-- Assigned task --
From the line containing "Perugia Scontro Auto" down to the final line of the entries below, quote every line verbatim. Exclude pictures.

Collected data
++++++++
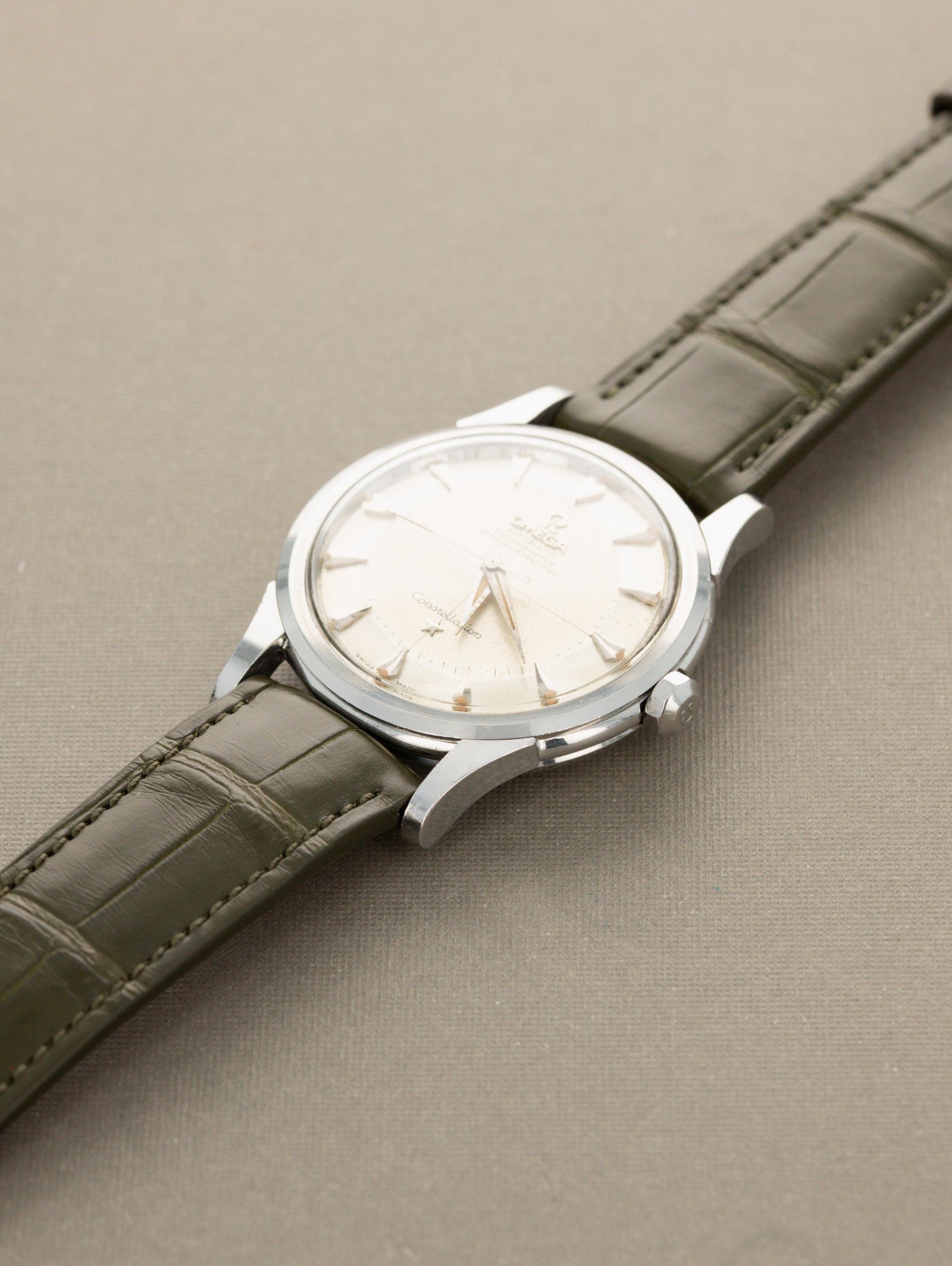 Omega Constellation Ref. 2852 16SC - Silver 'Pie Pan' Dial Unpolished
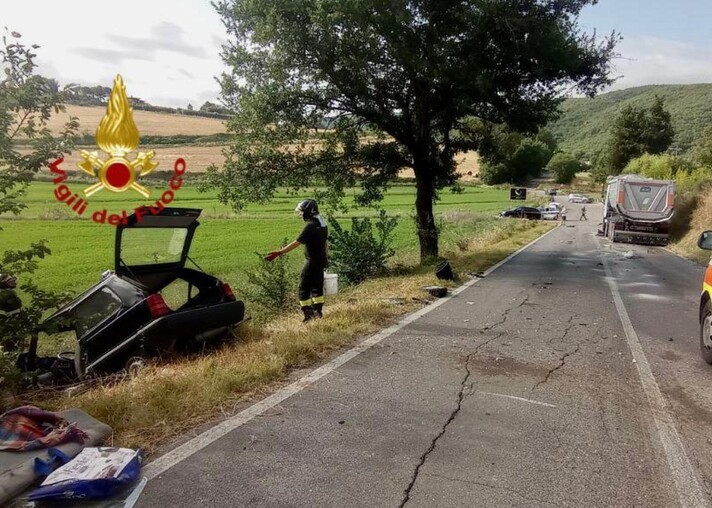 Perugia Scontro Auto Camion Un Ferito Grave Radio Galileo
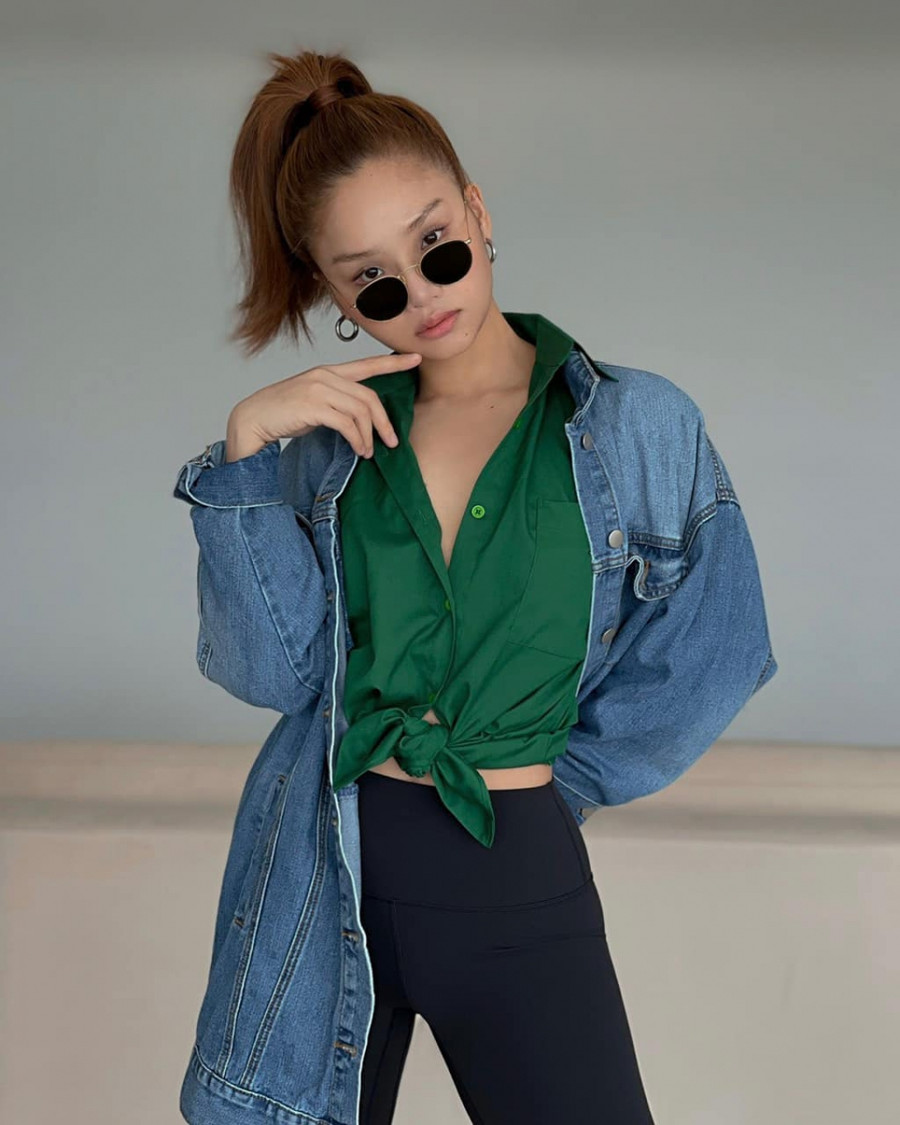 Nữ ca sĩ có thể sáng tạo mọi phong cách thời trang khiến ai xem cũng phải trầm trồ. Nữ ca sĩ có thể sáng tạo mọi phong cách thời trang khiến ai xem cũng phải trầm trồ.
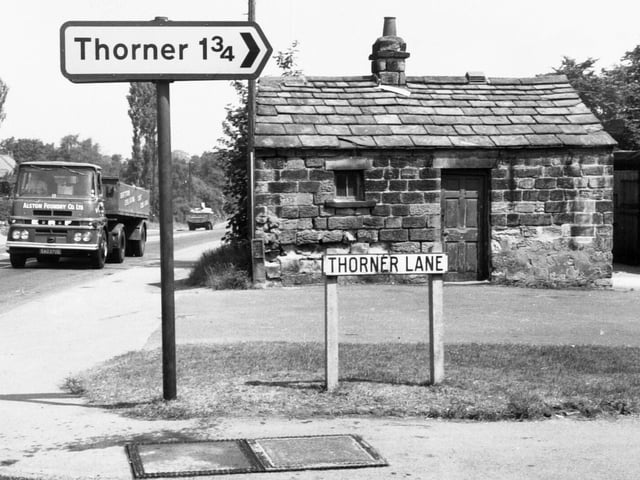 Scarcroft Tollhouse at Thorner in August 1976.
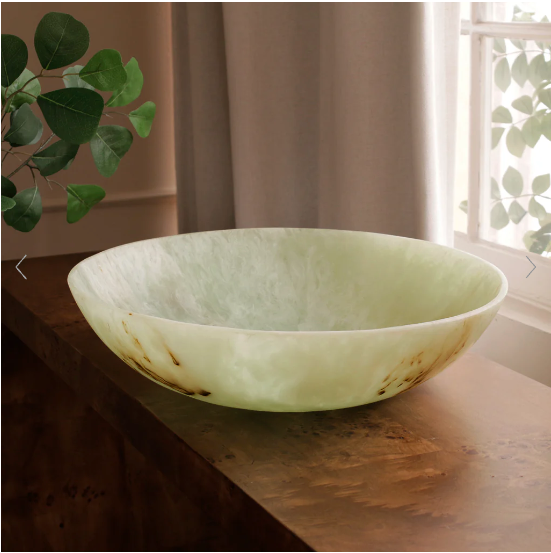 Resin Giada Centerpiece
++++++++
-- Solution below --
 Perugia Scontro Auto Camion Un Ferito Grave Radio Galileo
 Nữ ca sĩ có thể sáng tạo mọi phong cách thời trang khiến ai xem cũng phải trầm trồ. Nữ ca sĩ có thể sáng tạo mọi phong cách thời trang khiến ai xem cũng phải trầm trồ.
 Scarcroft Tollhouse at Thorner in August 1976.
 Resin Giada Centerpiece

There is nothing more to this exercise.